Restart an instance with a user-initiated manual failover - Azure SQL Managed Instance

Стаття
09/27/2024

Applies to: Azure SQL Managed Instance

This article explains how to restart Azure SQL Managed Instance by performing a manual user-initiated failover to a secondary compute node by using PowerShell, the Azure CLI or REST API.

It's possible to fail over a primary node in the General Purpose (GP) and Business Critical (BC) service tiers, and to manually fail over a secondary read-only replica node in the BC service tier.

Note

Failover in this article refers starting the SQL Server database engine process on a secondary node, and is not related to the cross-region failover of a failover groups.
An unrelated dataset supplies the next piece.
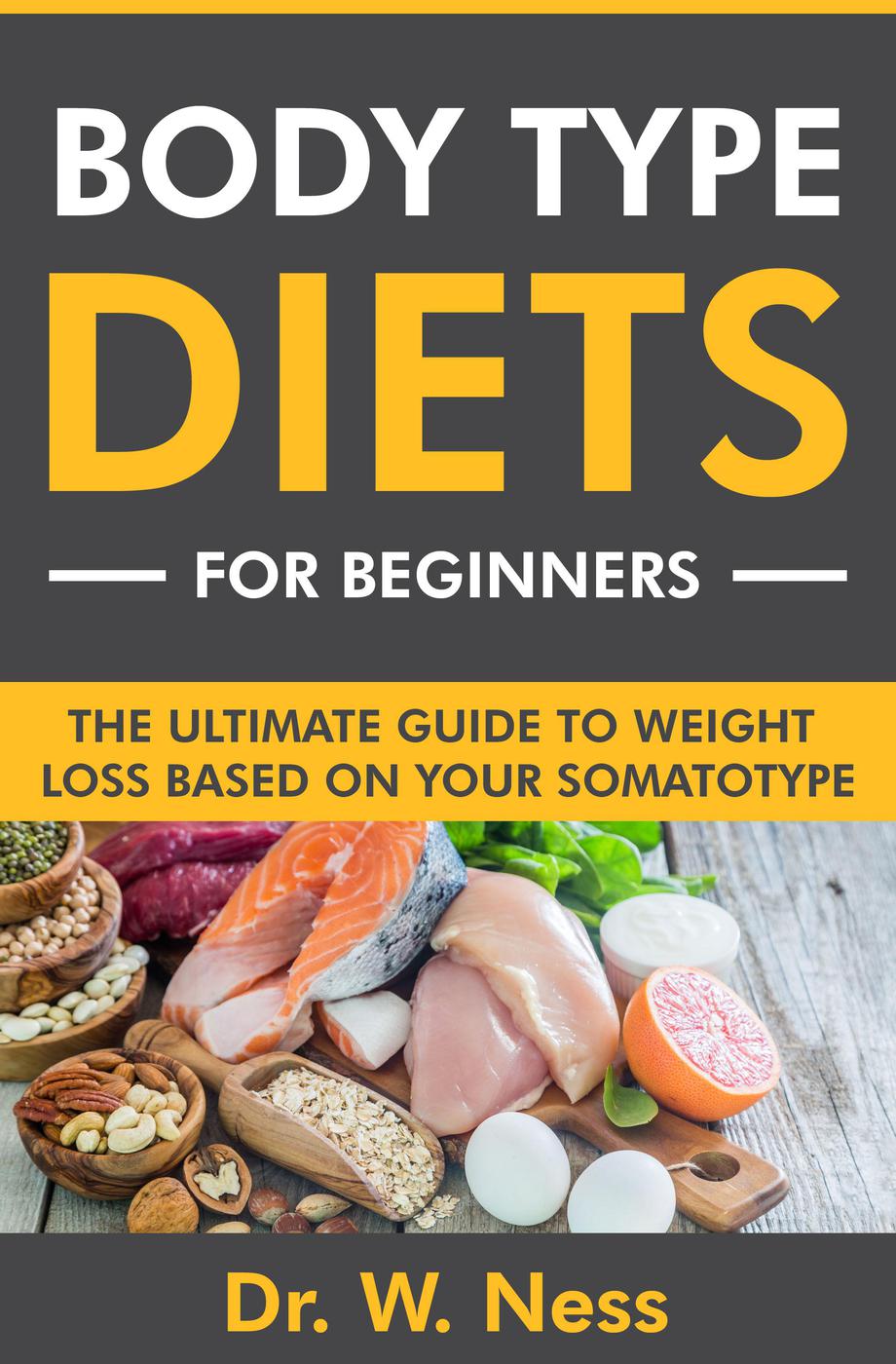 Body Type Diets for Beginners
When to use manual failover

Availability, a fundamental part of the SQL Managed Instance platform, works transparently for your database applications by providing local standby compute nodes to host the SQL Server database engine process. A failover occurs when the SQL Server database engine process is taken offline on the primary compute node and is brought online on a secondary compute node. Typically, failovers between SQL managed instance compute nodes are automatic and managed by the platform when a fault is detected, a node has degraded, or during regular monthly software updates.
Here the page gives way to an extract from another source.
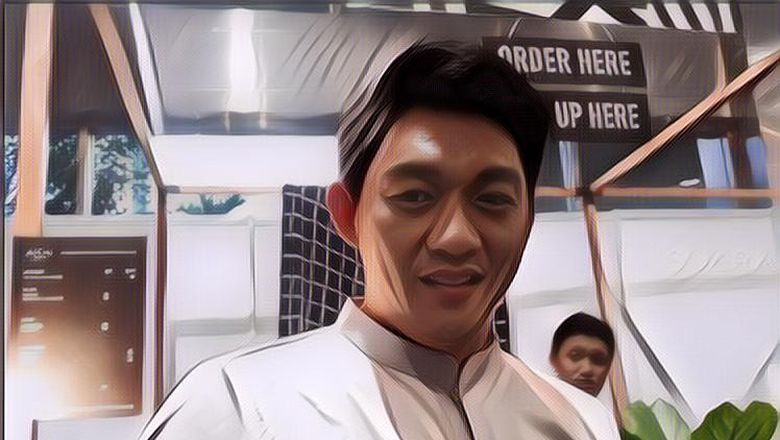 Kenang 1000 Hari Tsunami Banten, Ifan Seventeen Ungkap Rindu pada Istri dan Personel Seventeen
The entire failover operation consists of bringing the SQL Server database engine process online on a secondary node, validating the database state, and then finally redirecting the client connections to the new primary node. Client connections only fail for a short period of time, typically under a minute, during the final step of the failover operation.

You might execute a manual failover to restart the engine process on a different node for the following reasons:

Failed logins, or slowness due to performance issues.
Testing application for failover resiliency before deploying to production.
Testing end-to-end systems for fault resiliency on automatic failovers.
Testing how failover impacts existing database sessions.
Query performance degradation (restarting the instance can help mitigate the performance issue).

Ensuring that your applications are failover resilient prior to deploying to production helps mitigate the risk of application faults in production and contributes to application availability for your customers. Learn more about testing your applications for cloud readiness with the following video:

The following table describes the expected behavior of the SQL Managed Instance during a failover operation based on the service tier and availability model:

Service tier	Availability model	Expected failover behavior	Potential failover behavior (exceptions)
General Purpose	Local redundancy (Single availability zone)	SQL process restarts on the same VM.	SQL process restarts on a different VM.
General Purpose	Zone redundancy (preview) (Multiple availability zones)	SQL process restarts on the same VM.	SQL process restarts on a different VM.
Business Critical	Local redundancy (Single availability zone)	Random secondary replica is promoted to primary.	N/A
Business Critical	Zone redundancy (Multiple availability zones)	Random secondary replica is promoted to primary, either in the same or different availability zone.	N/A

Permissions

Users initiating a failover need to have one of the following Azure roles:

Subscription Owner role, or
SQL Managed Instance Contributor role, or
Custom role with the following permission:
- Microsoft.Sql/managedInstances/failover/action

Restart an instance with a manual fail over

You can restart an instance with a manual failover by using PowerShell, the Azure CLI, or REST API.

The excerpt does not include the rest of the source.